Game Design, Programming and running a one-man games business…

Optimizing my gratuitous GUI

If you’ve watched high-def videos of Gratuitous Space Battles 2, or been lucky enough to try it at EGX, then you may have noticed all that gratuitous GUI fluff that animates and tweaks and flickers all over the place, because… frankly, I like that kinda nonsense, and it’s called GRATUITOUS, so I can get away with it. This sort of stuff…

widgets

Anyway…I love it,and it’s cool, but until today it was coded really badly. I had a bunch of helper functions to create these widgets, and I sprinkled them all over the GUI for fun. For example there was a function to add an animated horizontal bar that goes up and down. Wahey. Also there are functions to add random text boxes of stuff. The big problem is that each one was an isolated little widget that did it’s own thing. In the case of a simple progress bar widget, it would have a rectangle, and a flat-textured shaded box inside it that would animate. That meant 2 draw calls, one for the outline of the box (using a linelist) and the other was a 2-triangle trainglestrip which was the box inside it. That was 2 draw calls for a single animated progress bar thing, and a single GUI window might have 6 or even 20 widgets like that… so suddenly just adding a dialog box means an additional 40 draw calls.

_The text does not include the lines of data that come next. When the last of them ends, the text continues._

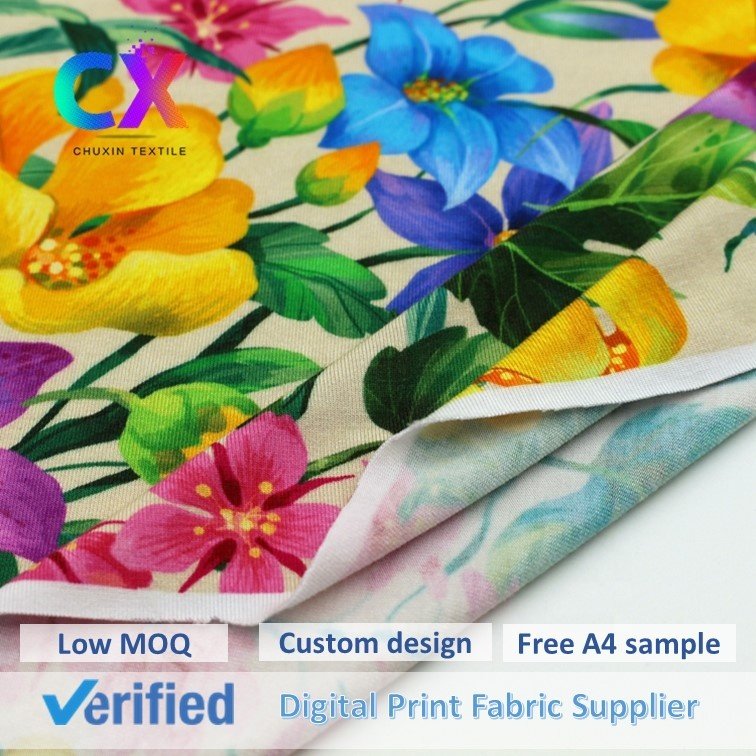 Custom design flower blossom stretch digital printing weft knit 100% bamboo microfiber jersey fabric for kids pajama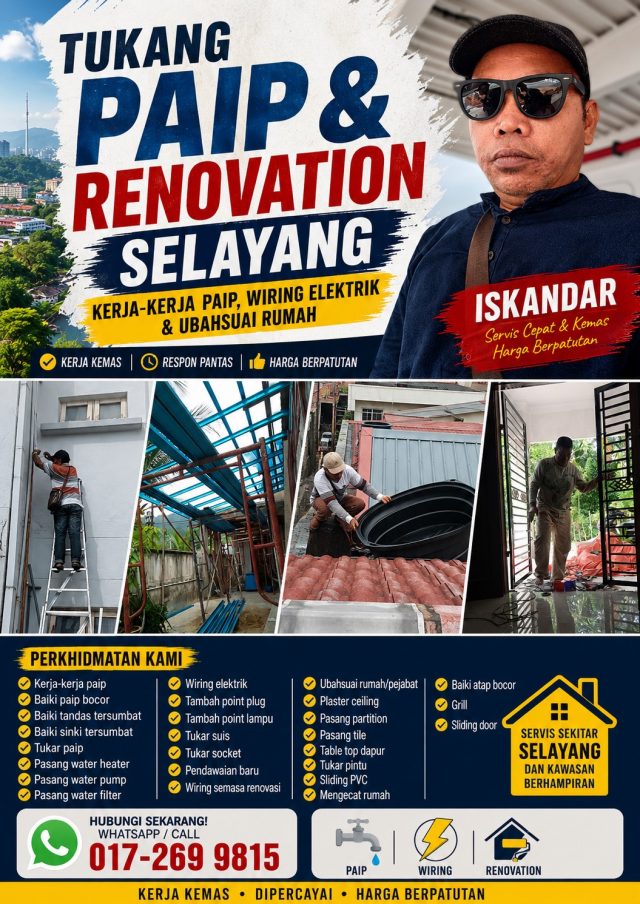 260716_TUKANG RUMAH WIRING DAN TUKANG PAIP ISKANDAR 03_SELAYANG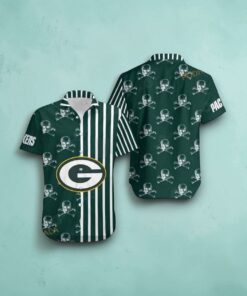 Green Bay Packers Stripes And Skull Hawaii Shirt Summer Collections, Packers Team Gifts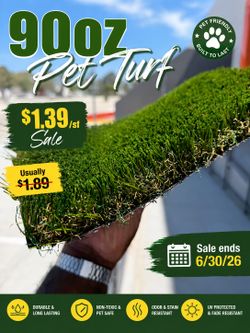 90oz Pet Turf Artificial Grass $1.39/sf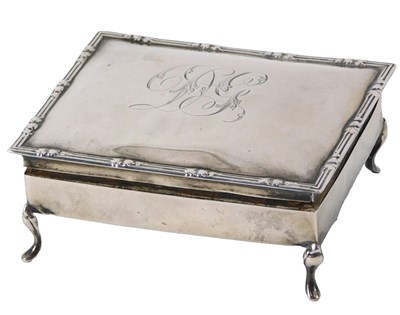 Lot 44 - An early 20thC rectangular silver jewellery...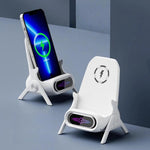 Stuhlförmiges kabelloses Ladegerät für Schreibtische, kompatibel mit 4,5-11 Zoll Smartphones & Tablets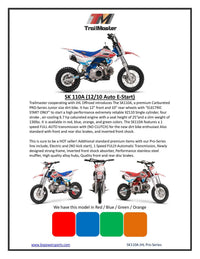 Trailmaster SK110A, Automatic, 4 Stroke, 25 Inch Seat, Electric Start, 12 inch Front Rim
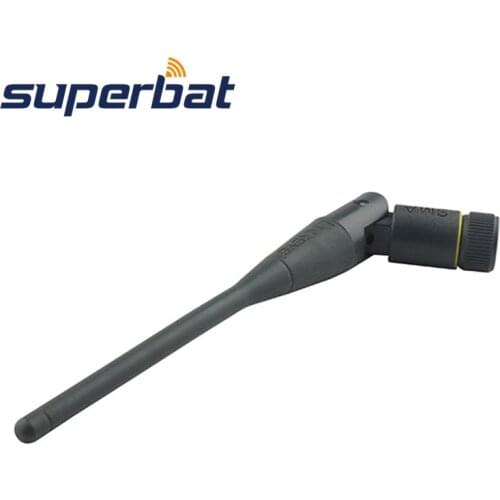 Superbat 2.4GHz 3dBi WiFi Rubber Antenna RP-SMA Plug Connector Omnidirectional Booster Tilt-and-Swivel Design Aerial Black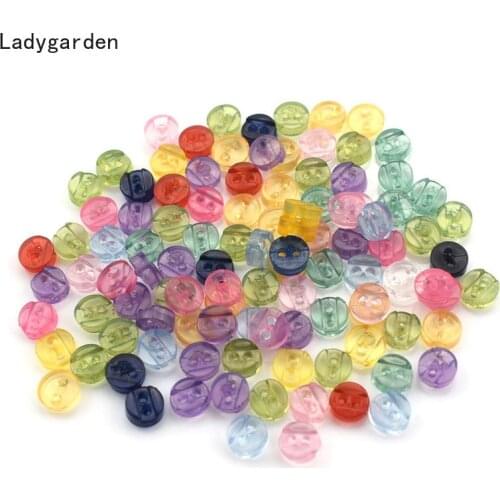 300PCS 6mm Multi-color Transparent Round Resin Mini Buttons Sewing Scrapbook Clothing Crafts Handmade Accessories 2-Holes Button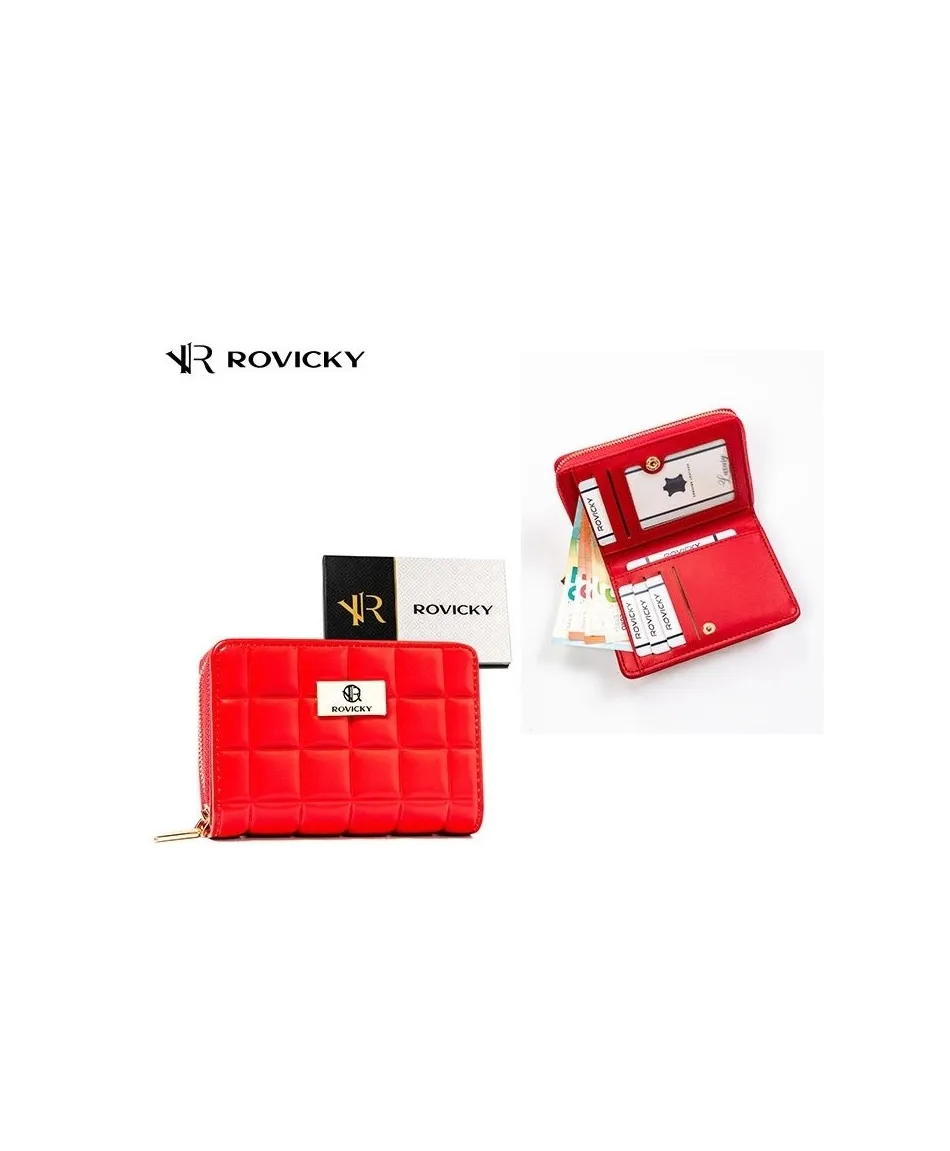 Portfel pikowany Rovicky z zameczkiem czerwony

Normally that doesn’t matter because a) 40 draw calls isn’t a lot, and b) graphics cards can handle it. However, it’s come to my attention that on some Intel integrated cards, which are actually surprisingly good at fill rate and general poly-drawing, too many draw calls really pisses them off, performance wise. Plus… 40 draw calls isn’t a lot, if thats your ‘thing’, but if there are 40 on the minimap, 40 on each score indicator, 40 on the comms readout, 40 on each of 3 ship inspector windows, then suddenly you have several hundred draw calls of GUI fluff, before you do the actual real GUI, let alone the big super-complex silly space battle, and yup…I’ve seen 4,000 draw calls in a frame. Ooops. To illustrate this, here is that top bunch of widgets in wireframe.

wire

That’s a lot of stuff being drawn just for fluff, so to ease the burden on lesser cards, I should be batching it all, and now I am. That used to be about ten trillion draw calls and now its about five. I have a new class which acts as a collection of all the widgets on a certain Z-level, and it goes through drawing each ‘type’ of them as it’s own list. Nothing actually draws itself any more, it just copies it’s verts to the global vertex buffer, and then when I need to, I actually do a DrawIndexedPrimitiveVB() call with all of them in one go.

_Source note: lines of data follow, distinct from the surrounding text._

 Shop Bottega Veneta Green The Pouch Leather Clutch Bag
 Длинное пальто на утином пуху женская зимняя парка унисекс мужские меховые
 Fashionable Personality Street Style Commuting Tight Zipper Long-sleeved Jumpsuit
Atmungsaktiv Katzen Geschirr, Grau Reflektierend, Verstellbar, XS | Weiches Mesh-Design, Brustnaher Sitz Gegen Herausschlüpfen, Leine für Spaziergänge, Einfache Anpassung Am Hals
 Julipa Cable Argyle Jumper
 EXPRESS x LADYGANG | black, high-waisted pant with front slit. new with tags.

Ironically, this all involves MORE verts than before, because whereas drawing a 12 pixel rectangle with a line list involves 4 verts, drawing it as a trianglelist uses loads more, but I’m betting (and it’s a very educated bet) that adding the odd dozen verts is totally and utterly offset by doing far, far fewer draw calls.

This is how I spend Sunday Afternoons when it’s too cold for archery…

 


3 thoughts on Optimizing my gratuitous GUI

  1. The differential execution method I mentioned might be suited lowering amount of data needed to pass between cpu and gpu. I’m just not sure if one could implement it with just shader code in a way that would utilize it effectively…

    The difference to batching should be that instead of needing to batch a lot of things and the draw a lot of things, it would (in theory atleast) allow to draw only what has changed and the GPU would not need to spend any time figuring what’s changed. I’ve asked the inventor of the method to provide some C# code as it’s not so clear from the C++ MFC example. When I have better understanding I hope to utilize it somewhere as it’s really cool idea.

  2. I really am clueless to GPU programming but I speculate that in order to use the diff exec effectively in a scenario where eg. you draw a bunch of text and stuff like in the screenshot, yet want to make it “alive”, the most effective approach is to combine the diff.ex. idea with paging and various buffers and translations such that the graphics and the “orders” are piped through the bus using differential execution, but things like flickers, change of location on screen and post processing etc are done on the gpu using the “orders”.

    Using all of these you could probably animate everything on that screenshot with 1 call and no batching with unlimited complexity (if rendering only changes to texture that’s preserved in gpu memory) while off-loading all the pixel stuff to the GPU

  3. (note about the “unlimited complexity” – it means that you could setup extremely complicated 2D graphics and then on subsequent refreshes only changes prior to post-processing would be rendered, and only if they involve something more complicated than moves and translations etc)

    Hmm. That sounds a lot like how I suspect hardware accelerated GDI might be on paper. No wonder some 2D benchmarks show 10 year old computer beating modern computers in somethings.

Comments are currently closed.